Better standard types (typealiases + number types) #52250

Closed CXCubeHD closed 2 months ago

CXCubeHD commented 2 years ago

In C# I like that I can write standard types in lowercase like object or string. I think that Dart should also consider adding this.

object o = ...;
string s = "string better than String";

This also makes for the programmer clear which Types are standard and which not.

The second suggestion is that Dart should add more specific number types like short, long, byte and ect. These also should have the more specific version like Int8, Int32, UInt64, and ect.

short s = 110;
long l = -38264738463;
unsigned long ul = 10000000;
ulong ul2 = 57383747;
sbyte s = -25;

UInt16 u = 999;

float f = 1000f;
double d = 1000.0;

Float32 f2 = 193f32;
Float64 f3 = 1038f64;

This would allow for better interoperability and better readability. Also some developers may use this to write better performing code.

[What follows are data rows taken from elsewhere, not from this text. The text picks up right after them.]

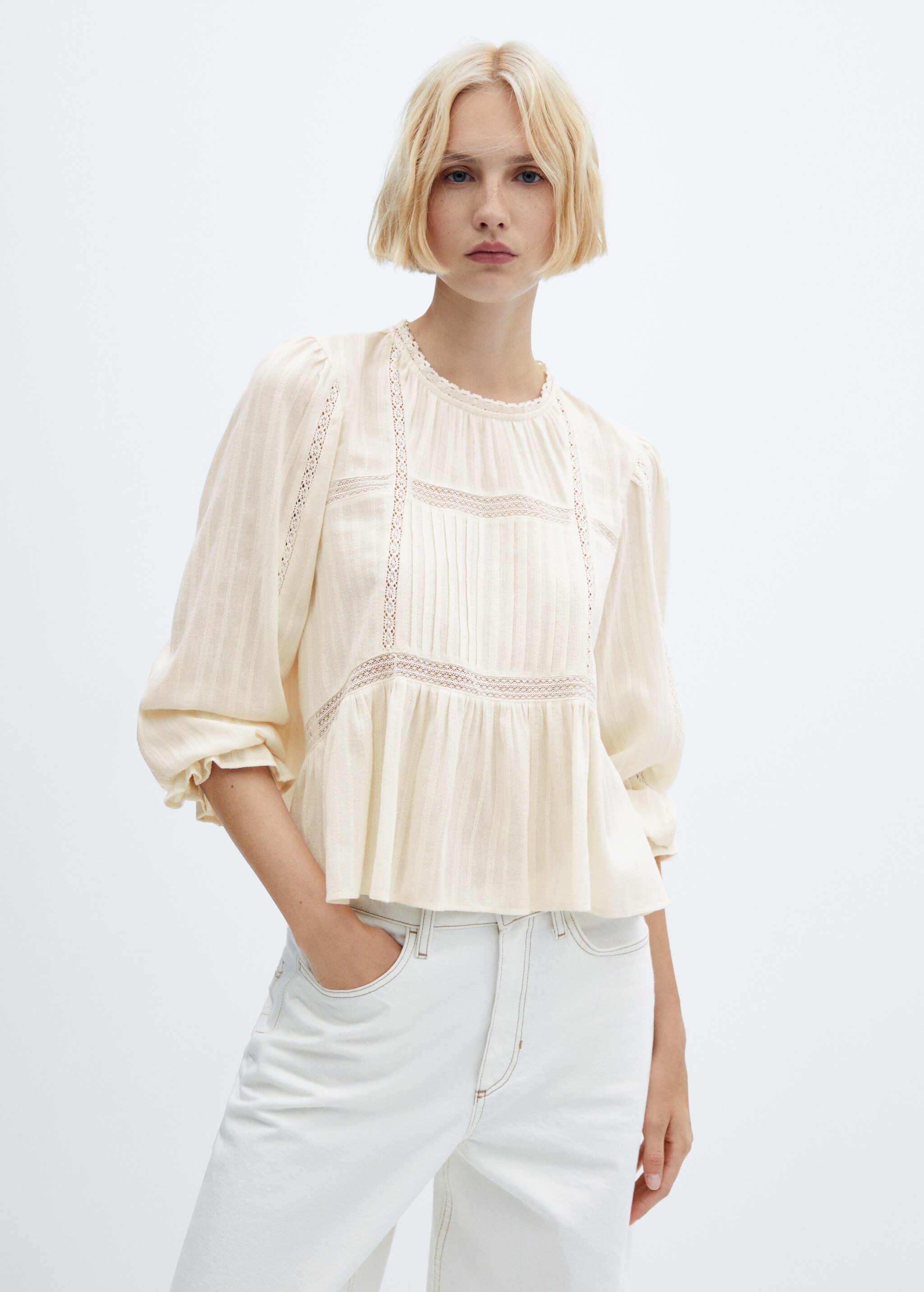 Embroidered blouse with puffed sleeves - Medium plane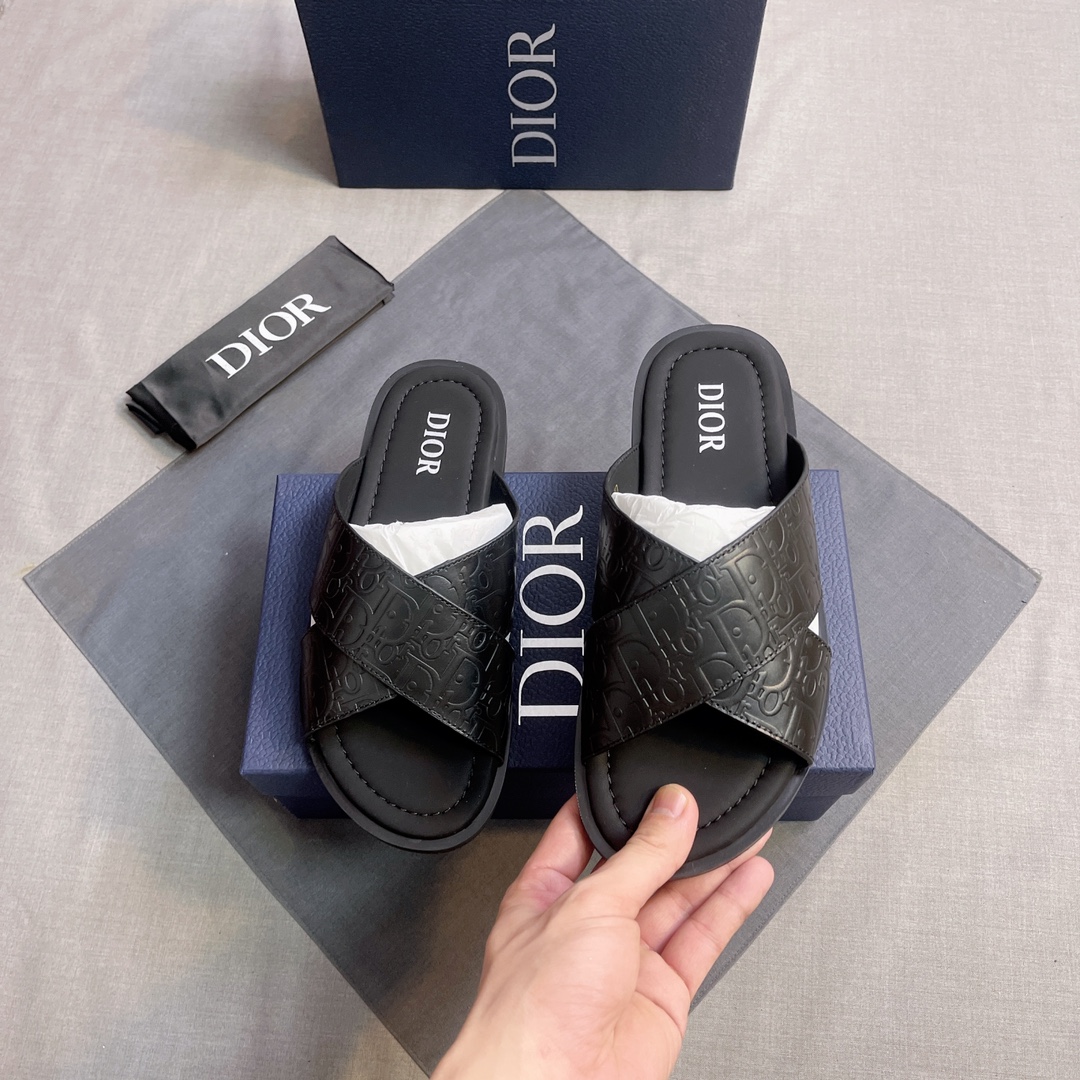 DIOR 高仿 男款CD交叉壓紋拖鞋 黑色休閒涼拖| 12 DIOR 高仿 男款CD交叉壓紋拖鞋 黑色休閒涼拖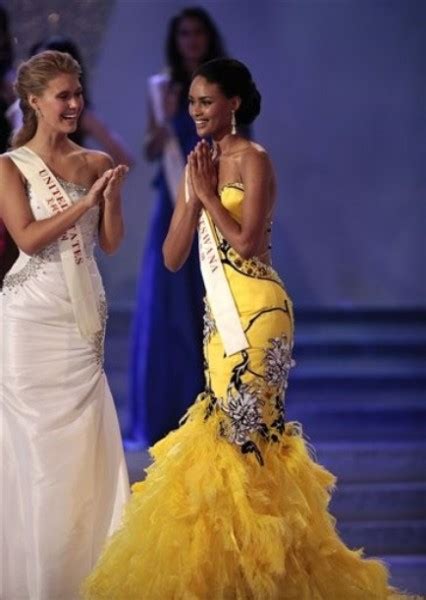 Le Fashionfudge Miss Botswana 2010 Emma Wareus Crowned Miss World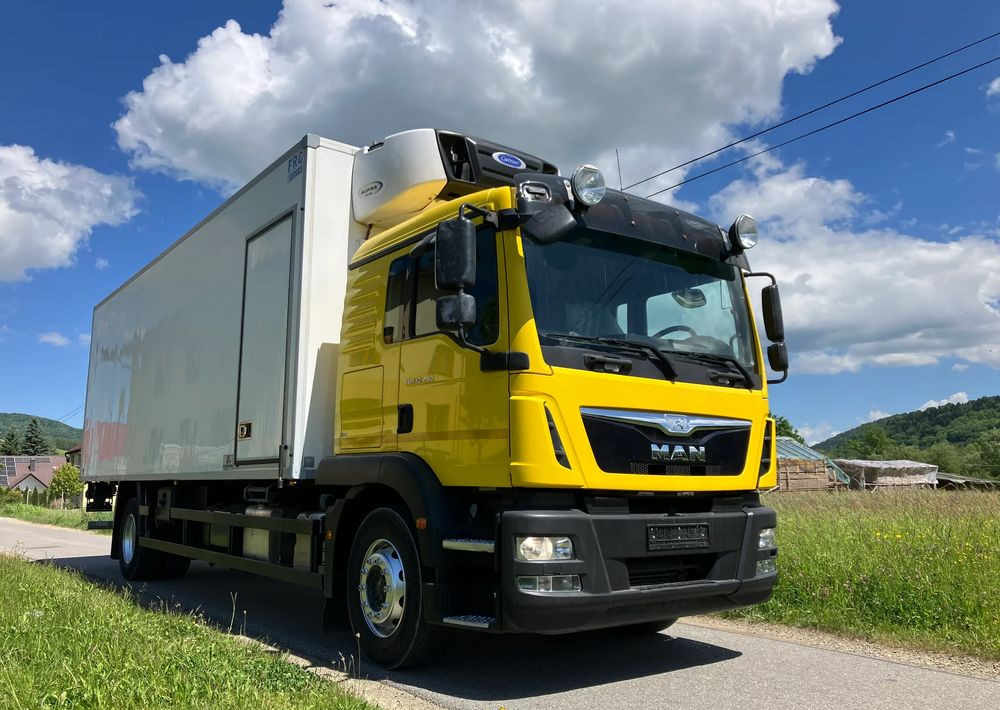 MAN MAN TGM 18.290 SYPIALKA chłodnia izoterma kontener - Рефрижератор: фото 2 MAN MAN TGM 18.290 SYPIALKA chłodnia izoterma kontener - Рефрижератор: фото 2
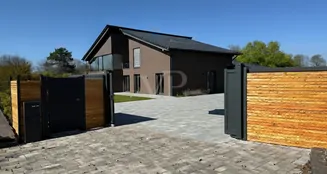 von_poll_real_estate_property_25451086_image_0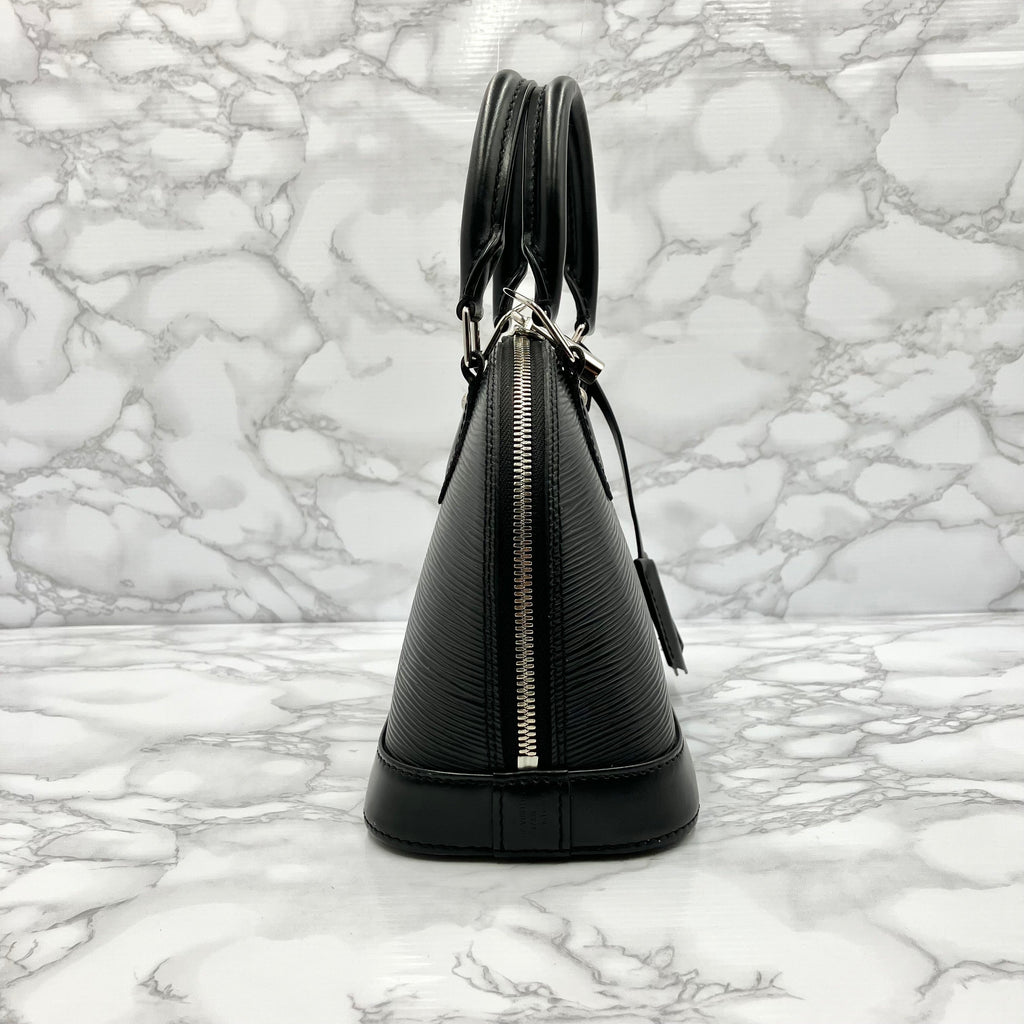 Louis Vuitton  Epi Alma BB
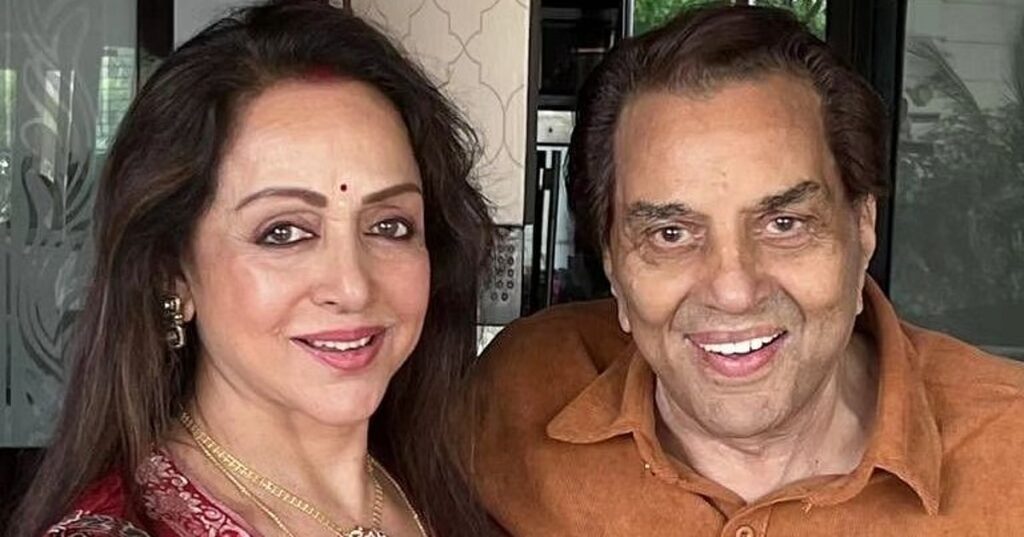 Late Dharmendra's ashes immersed, wife Hema Malini sidelined by sons at prayer meeting-மறைந்த தர்மேந்திராவின் அஸ்தி கரைப்பு, பிரார்த்தனை கூட்டத்தில் மனைவி ஹேமாமாலினியை ஓரங்கட்டிய மகன்கள்
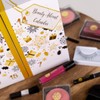 Beauty-Adventskalender Schminke mit 24 Make-up Kleinigkeiten für perfektes Styling im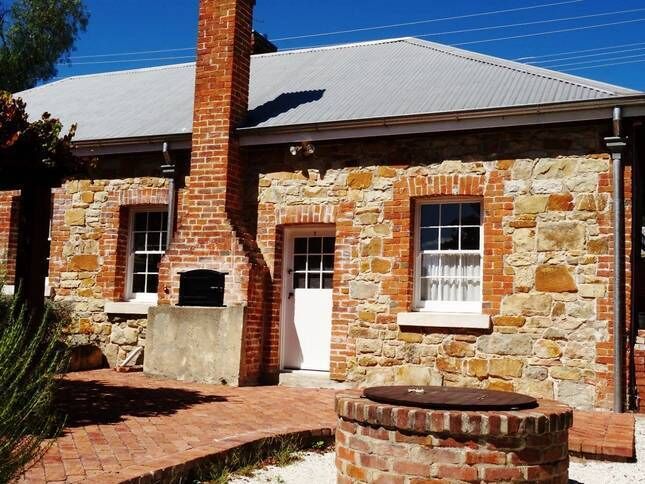 TENTERFIELD ACCOMMODATION’s“Red Rose Cottage”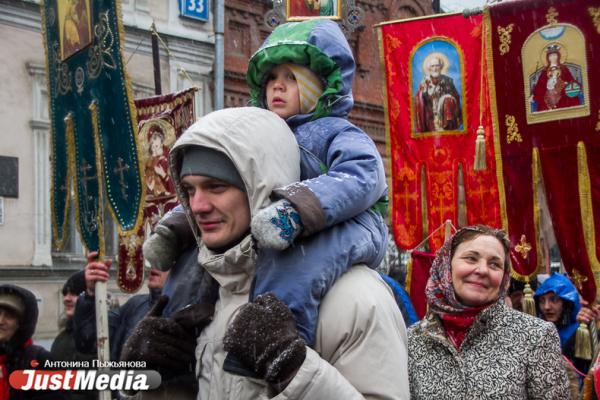 Крестный ход с песнями палестинских скаутов и гигантский кулич. Как 20 000 верующих отпраздновали Пасху под снегом - Фото 8
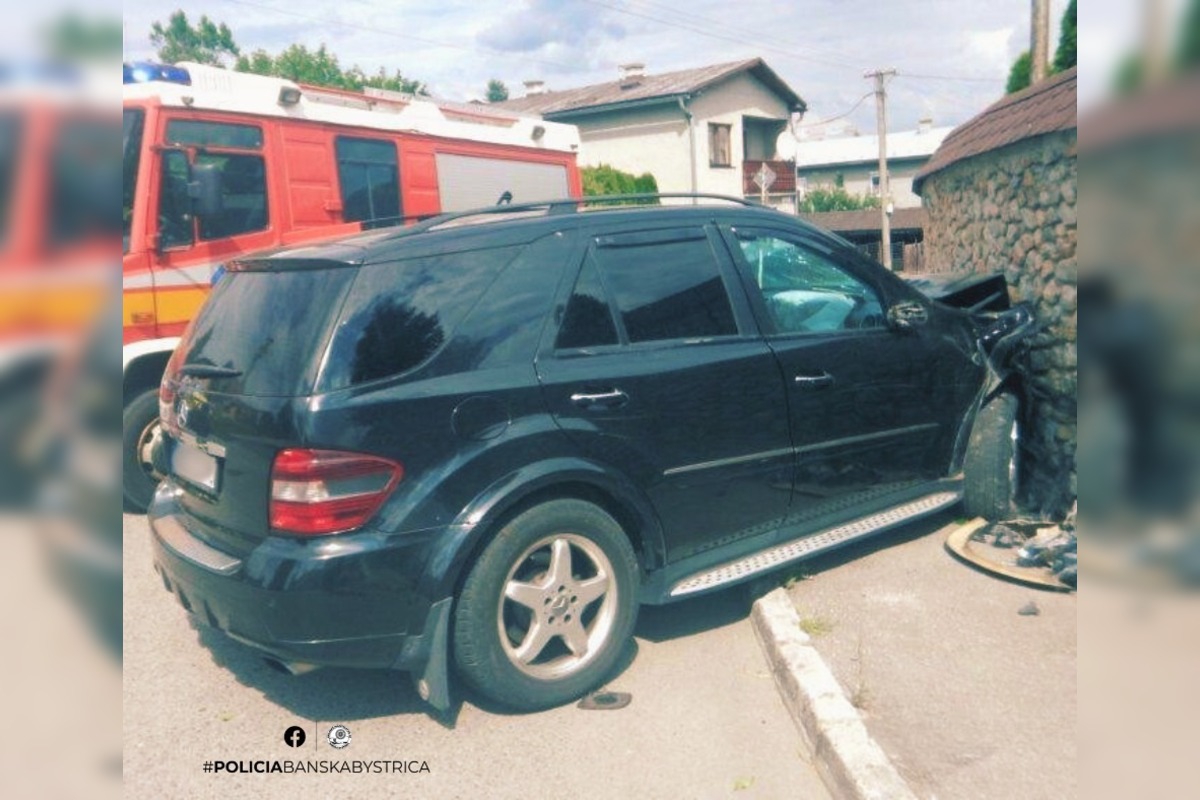 FOTO: Vodič v Brezne nafúkal 3 promile a skončil v plote domu, foto 3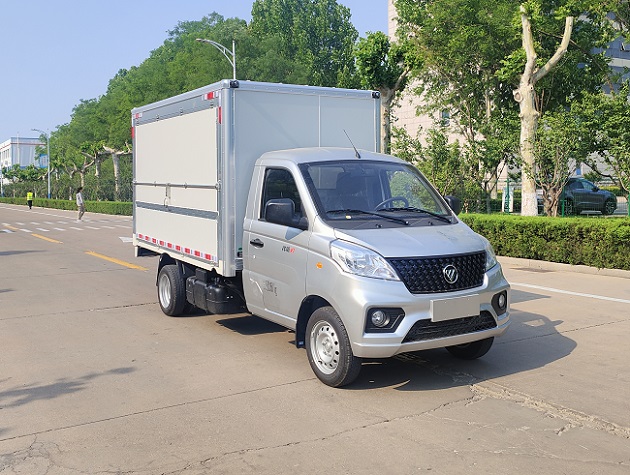 福田牌BJ5030XYK4JV6-10翼開(kāi)啟廂式車公告圖片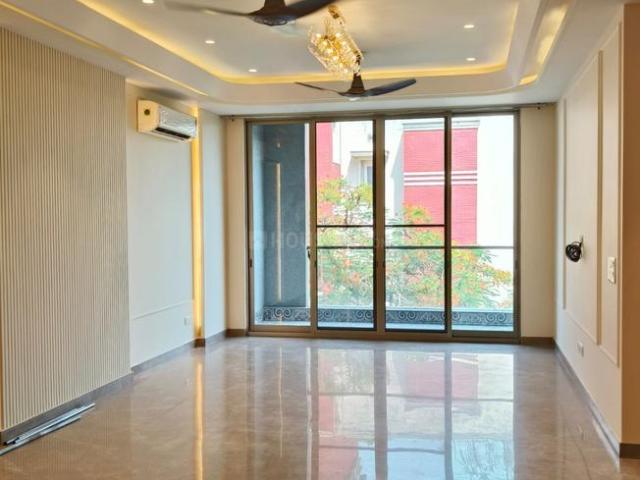 Flat for rent in Deri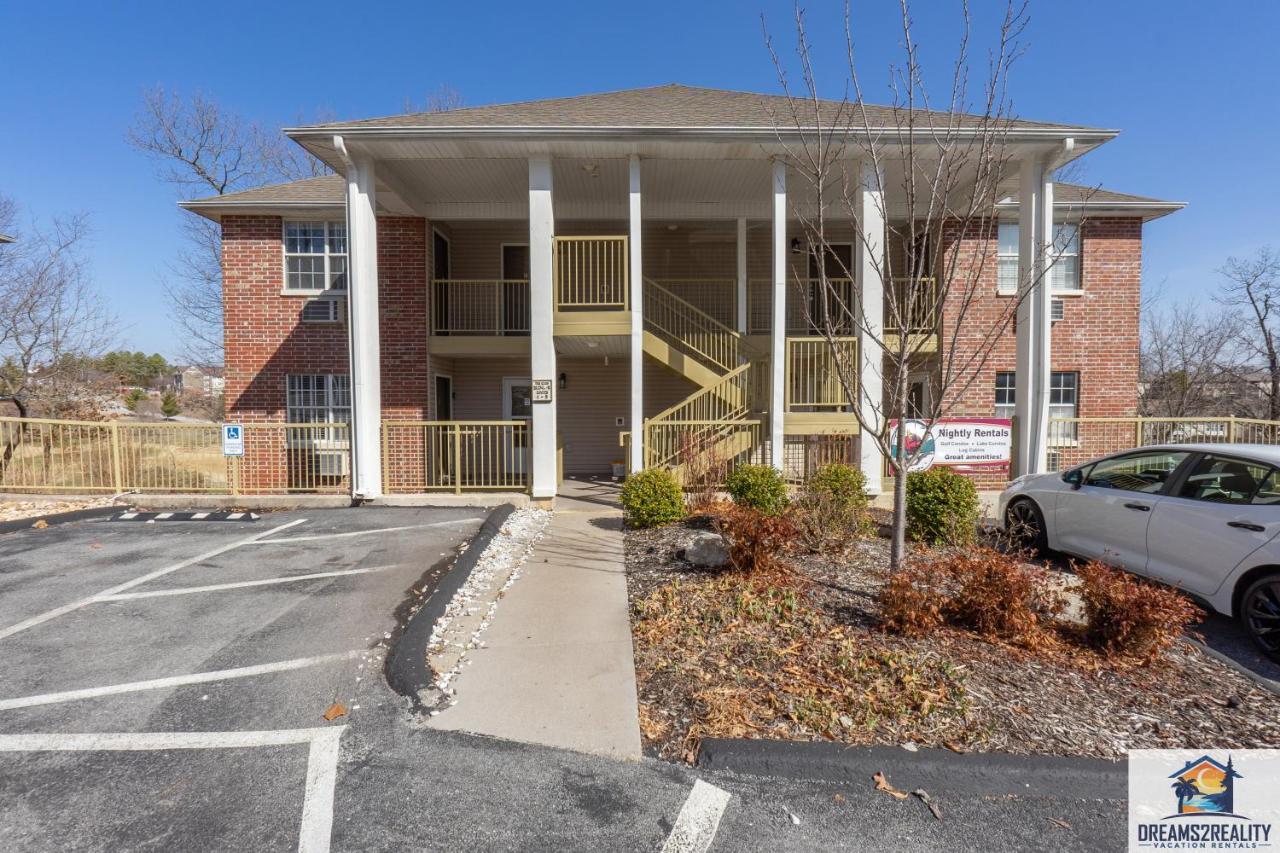2Br Walk-In Condo - Near The 76 Strip - Free Wifi - Pool - Free Tickets Included - Clb-3 Branson Buitenkant foto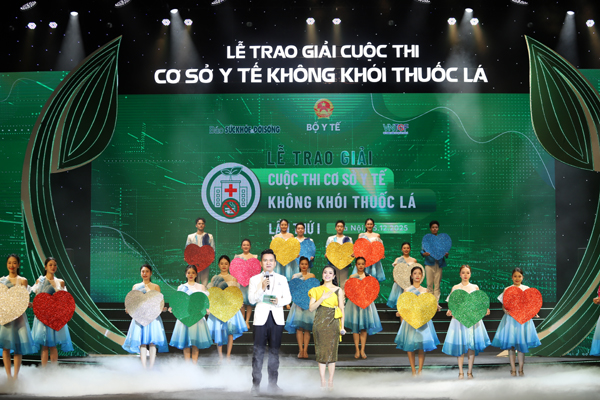 Ho&agrave;ng B&aacute;ch, Ho&agrave;ng Hồng Ngọc: H&atilde;y để 'kh&ocirc;ng kh&oacute;i thuốc l&aacute;' trở th&agrave;nh th&oacute;i quen mỗi ng&agrave;y - Ảnh 2.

konsultaner commented 2 years ago

This would allow for better interoperability and better readability. Also some developers may use this to write better performing code.

I totally admit: https://github.com/dart-lang/sdk/issues/45153

If dart had UInt32, my code would work much faster. As @mraleph noted:

... Worth noting that Java does computations with 32-bit integers while Dart's int type is 64-bit (so it's more as if Java version was written with longs).

CXCubeHD commented 2 years ago

@konsultaner By the way, this also may be interesting for better performance: dart-lang/language#2101

munificent commented 2 years ago

In C# I like that I can write standard types in lowercase like object or string. I think that Dart should also consider adding this.

object o = ...;
string s = "string better than String";

This also makes for the programmer clear which Types are standard and which not.

I think it's very unlikely that we would add aliases for the built-in types that differ only in capitalization. That wouldn't add any clarity since both names would still exist.

I agree completely that the capitalization of Dart's built-in types makes no sense. But at this point, it is simply too much effort for too little reward to change it.

Having specific sized signed and unsigned types can be useful for performance, but it adds quite a lot of complexity to the language. Given that Dart isn't intended to be a systems programming language, I suspect it's not a good fit for the language. For serialization between binary formats, I think ByteData works pretty well.

konsultaner commented 2 years ago

Given that Dart isn't intended to be a systems programming language, I suspect it's not a good fit for the language. For serialization between binary formats, I think ByteData works pretty well.

@munificent I see the point, but look at the efforts that have been taken to make something like WASM just to make JavaScript faster. Darts first target plattforms were low performing ARM-CPUs on mobile phones. They need high performing code! Making dart code as fast as possible should be one of the most important things to do. Binding C++ code for everything that needs to be fast is not a good solution. Dart and Flutter are game changer. It should not stop here.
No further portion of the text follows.